Training and optimizing an Artificial Neural Network for classification from scratch with just numpy.
Mustafa Qazi (~mustafa65) |
As neural networks, or in general, machine learning, form the crux of almost all the new technologies, its good to know the internal machinery of these algorithms.
We will, in this workshop, train a neural network and study its ins and outs, and finally classify hand written digits with any image of choice.
First we will get our hands onto numpy and using that matrix calculus .
Next will be learning about gradient descent with multiple multidimensional visualizations using matplotlib( not necessary to be acquainted with). Here we will understand why it is best way to find a needle in a very very big haystack, by performing live comparisons with other methods. And that will be all you'll need to kill in this session.
The Neural Net: This will start with structure of neural networks and why it is that way. Then forward propagation, and getting our heads over what is multiplied/dotted with with what. Then we'll study about different activation functions and cost functions, and where to use which. And finally, back-propagation, conquering the last enemy and minimizing the cost function for Keanu Reeves like precision.
In addition to it, we'll differentiate between stochastic, batch and mini-batch gradient descent, and compare their results.
At the end of session, we'll test our neural network on digit images of our choice, and further train the network if necessary.
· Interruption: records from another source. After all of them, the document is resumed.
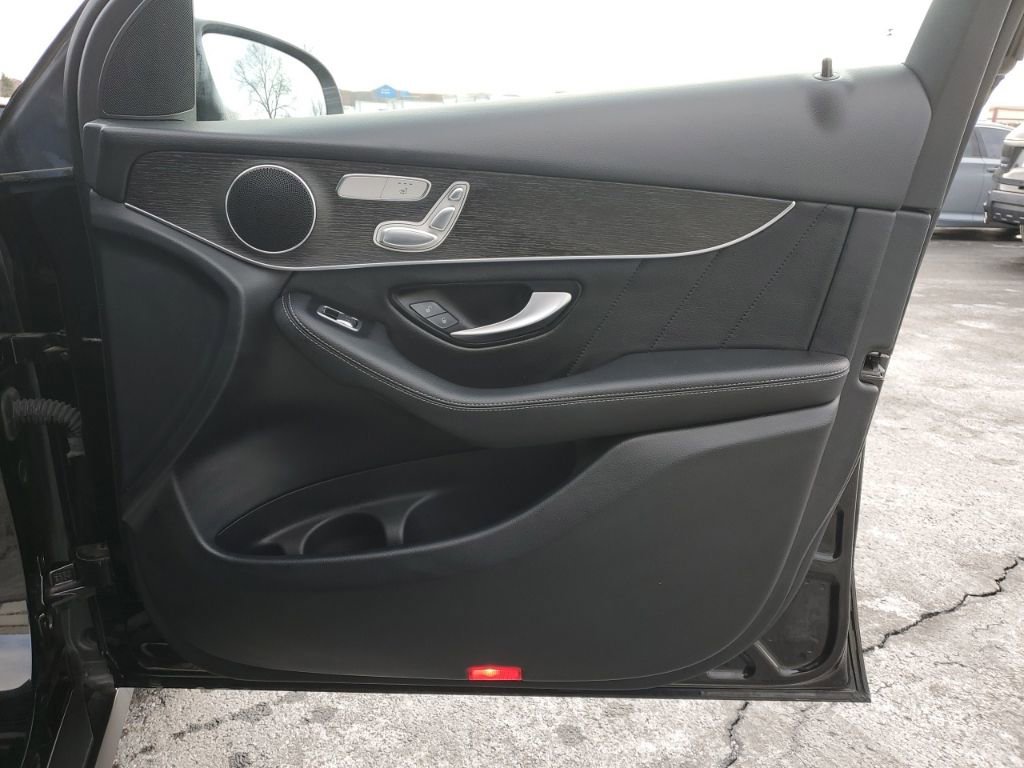 Used 2022 Mercedes-Benz GLC 300 4MATIC image 39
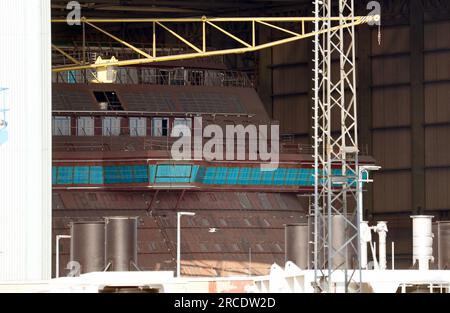 Wismar, Germania. 14 luglio 2023. La porta del molo della costruzione navale è aperta. In mostra fa parte dell'enorme nave da crociera, che ha operato per l'ultima volta con il nome di "Global Dream". La nave è stata completata da Meyer Werft (Papenburg) per conto del gruppo Disney come nuovo proprietario della nave. Crediti: Bernd Wüstneck/dpa/Alamy Live News Foto Stock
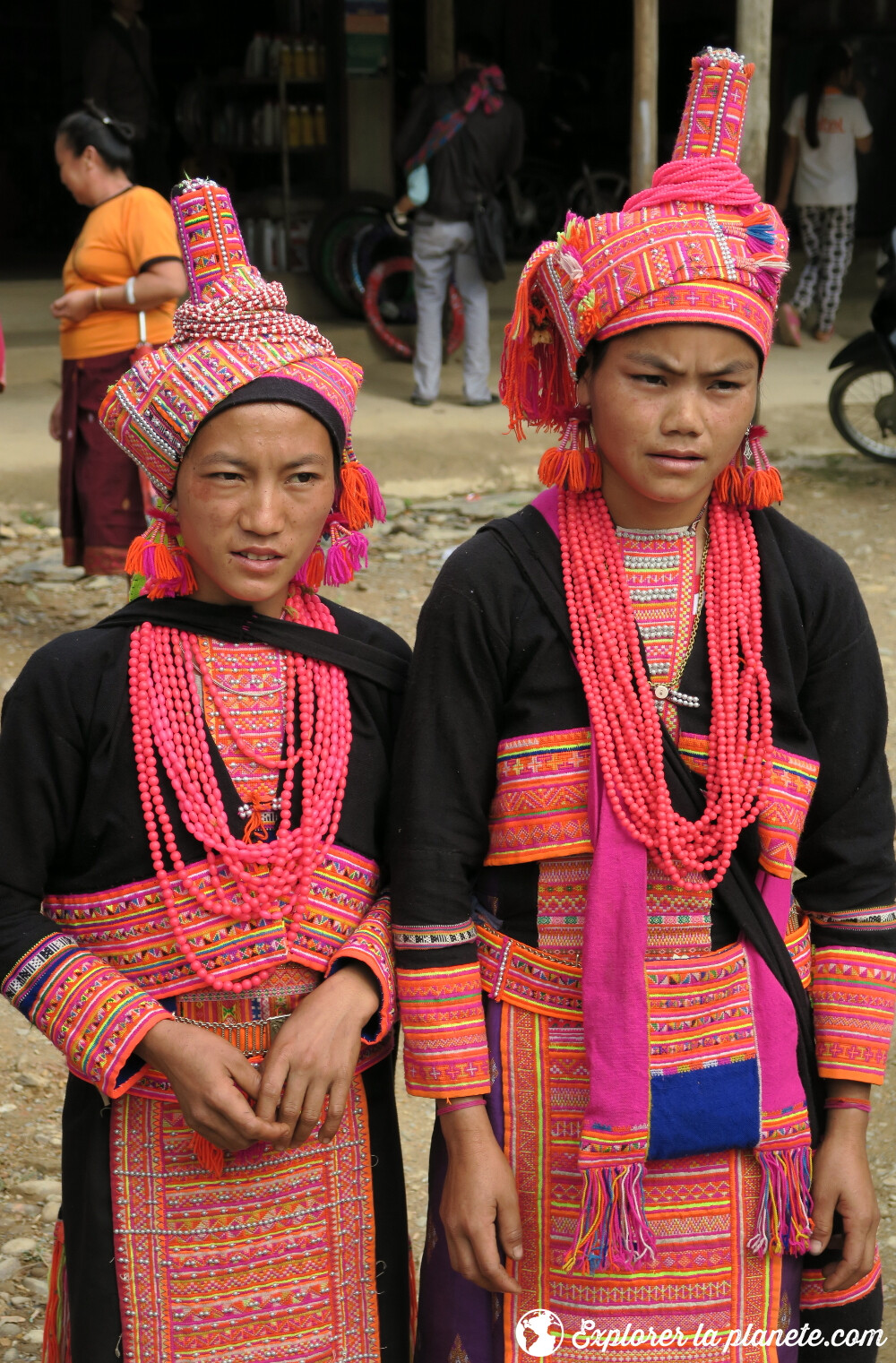 Jeunes filles Akha pala à Pak nam Noi au Nord du Laos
Introductory knowledge of python
Basic Matrix operations
I'm Mustafa Qazi, a third year Engineering student in Computer Science, from Govt. College of engineering, Aurangabad. I have four to five months of experience in Python and two months now in machine learning. I have a few projects in machine learning and this being one of them. I know somewhat about big-data jargons like map-reduce, Pig and Spark .Ya, I'm not an Ian Goodfellow in machine learning, but I'll be happy share what I have learned uptill now, and learn further with what experience I'll get from this.